* _TRY IT_:
When you return the data, keep every word exact and include none of the images.

* _MATERIAL PROVIDED_:
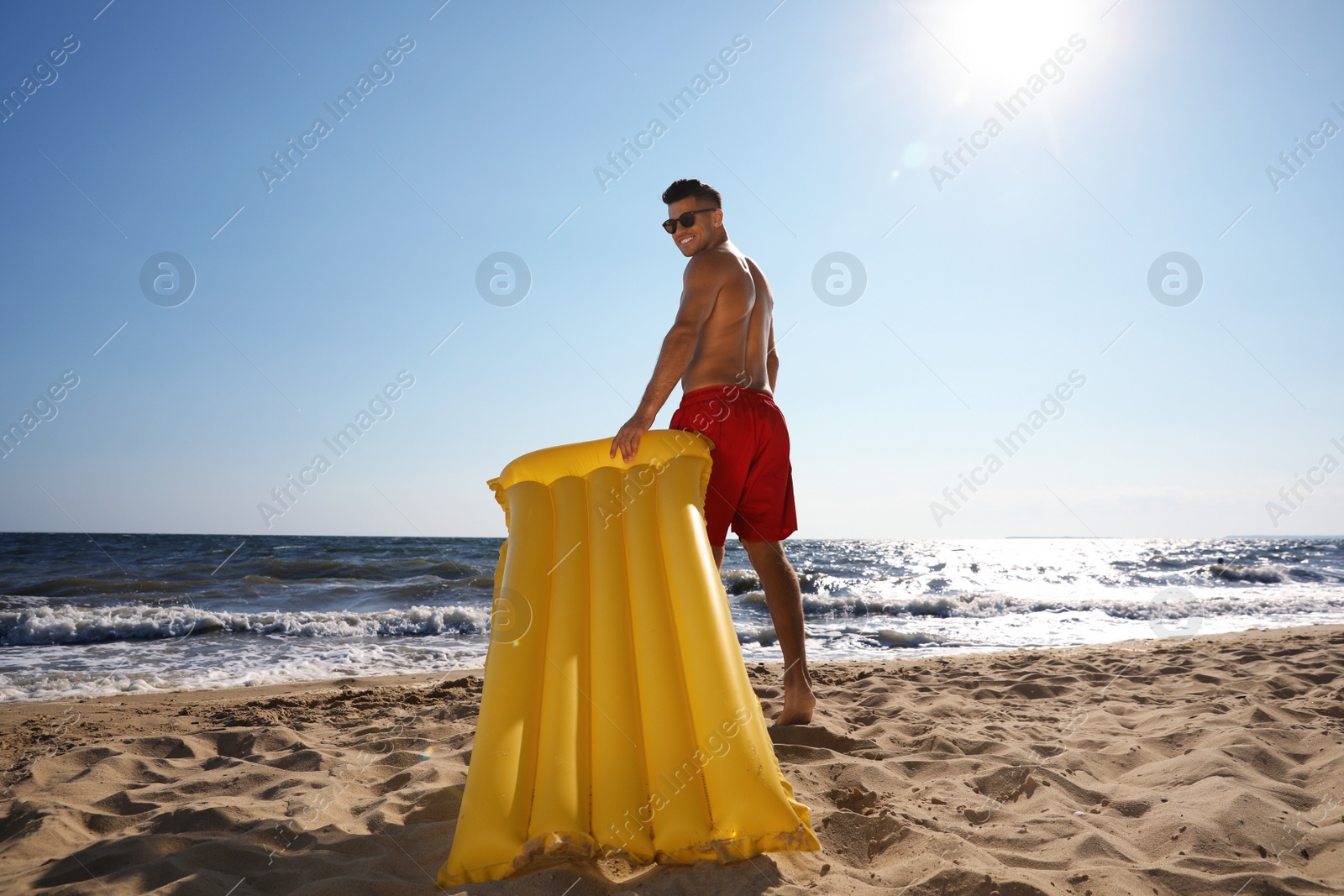 Photo of Man with yellow inflatable mattress at beach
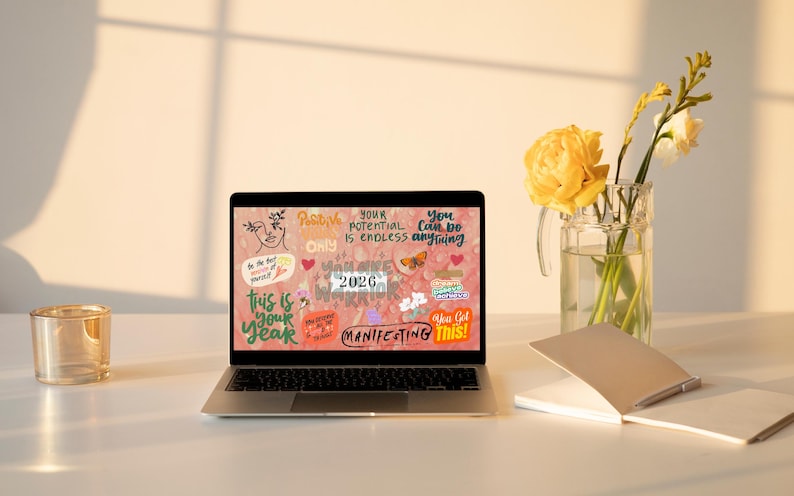 K&ouml;nnte beinhalten: Ein Laptop zeigt eine motivierende Grafik mit Text wie "This is your year" und "Manifesting This!". Ein Glas, eine Vase mit gelben Blumen und ein Notizbuch liegen auf einem wei&szlig;en Schreibtisch.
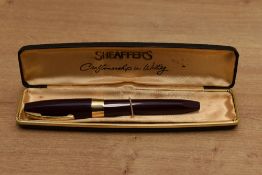 A boxed Sheaffer Pen For Men III snorkel fill fountain pen in Burgundy with Gold trim having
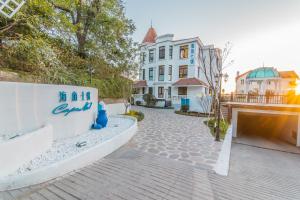 a large white house with a building at Hando • Cape Seven Seaside Villa in Qingdao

* _THE COMPLETED TASK_:
 Photo of Man with yellow inflatable mattress at beach
 K&ouml;nnte beinhalten: Ein Laptop zeigt eine motivierende Grafik mit Text wie "This is your year" und "Manifesting This!". Ein Glas, eine Vase mit gelben Blumen und ein Notizbuch liegen auf einem wei&szlig;en Schreibtisch.
 A boxed Sheaffer Pen For Men III snorkel fill fountain pen in Burgundy with Gold trim having
 a large white house with a building at Hando • Cape Seven Seaside Villa in Qingdao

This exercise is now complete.